Overall, I think it is probable that probiotics have positive effect on irritable bowel syndrome, but the effect is very modest. The issue is the studies all use different strains at different doses. The exact strain and dose can't necessarily be easily found in the pharmacy so it's hard for me to translate the studies into an adequate strain and dose for clinicians to use but it probably works and if a patient feels better as a result of taking it, I mean in my practice and certainly a lot of my colleagues wouldn’t stop a patient from taking probiotics.

What about rifaximin? Where does that sit in the algorithm? Does that really work like an antibiotic or is there something else going on?

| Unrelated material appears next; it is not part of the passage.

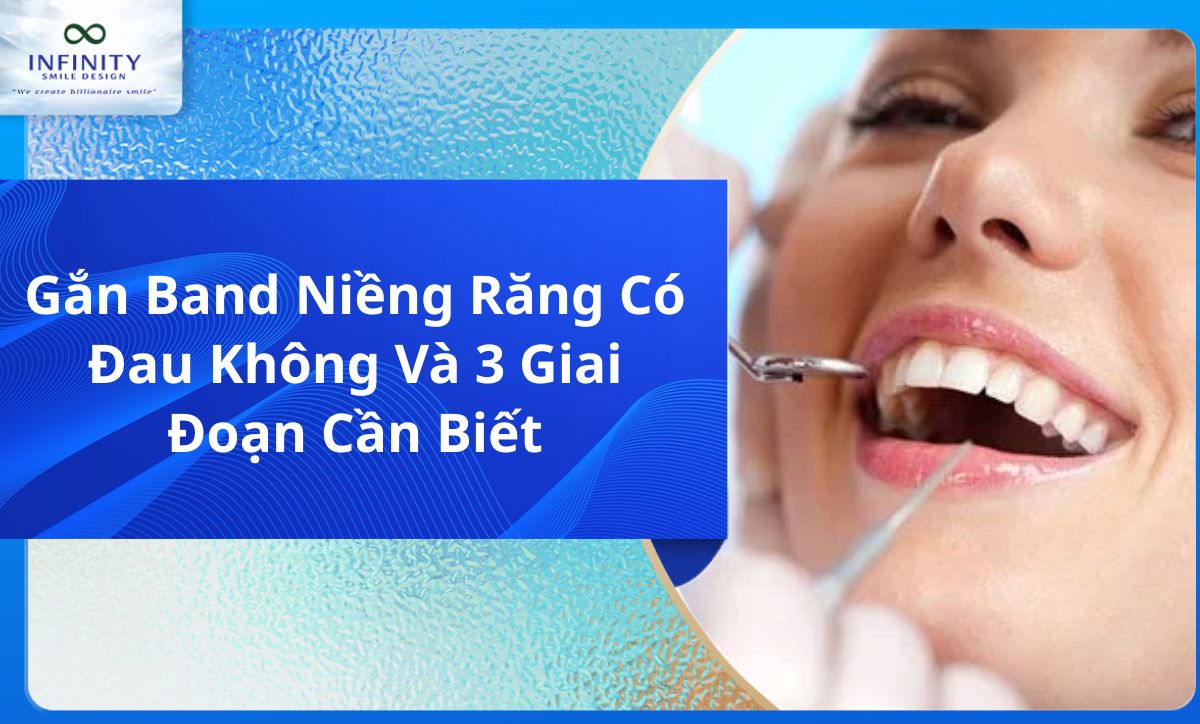 Gắn Band Niềng Răng Có Đau Không Và 3 Giai Đoạn Cần Biết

The theory is that there is a microbial disturbance in some patients with irritable bowel syndrome and the particular microbial profile contributes to improper immune and pain-related signalling which then contributes to their symptoms. Some of the trials in this area have shown that there is a benefit of taking rifaximin over placebo but I should say two things. One, the effect size on a patient appears to be modest compared to placebo. The second thing is rifaximin is not subsidised under the PBS for this indication so patients will be paying out of pocket. Three, it's only really being examined as a treatment over two weeks and then patients are followed up a month later. The issue with rifaximin is there's no exit strategy, unlike the low-FODMAP diet, unlike say a tricyclic which we would typically de-escalate over a year. A particular therapy we haven't touched on, David, is gut-focused hypnotherapy. I do want to mention that briefly because in Australia there was a trial that examined a low-FODMAP diet against gut-focused hypnotherapy. So a psychologist puts a patient into a state of hypnosis then through persuasion treats gut symptoms and comorbid symptoms of anxiety, if they’re there. We found that patients who undergo this particular therapy are just as likely as patients with the low-FODMAP diet to have pain and bloating symptoms reduced and more importantly when you examine these patients five years down the track 70% of them still have adequate relief from their gut symptoms. So psychological and behavioural therapies are really quite effective. It's just unfortunate that they're not easily available. So if you're a patient and you've tried a few different things including diet, maybe some medications, it might be worthwhile seeing the specialist to potentially see whether or not you'll be applicable for this type of therapy. And I should make the final point, there are multidisciplinary functional gut clinics that manage irritable bowel syndrome in Australia and these are clinics where the gastroenterologists work alongside dietitians, gut-focused hypnotherapists, pelvic floor physiotherapists and even psychotherapists.

Chamara, that's been a fascinating insight into IBS. Thanks very much for joining us on the podcast.

Thanks David.


The views of the hosts and guests on this podcast are their own and may not represent Australian Prescriber or NPS MedicineWise. I'm David Liew and thanks once again for joining us on the Australian Prescriber podcast.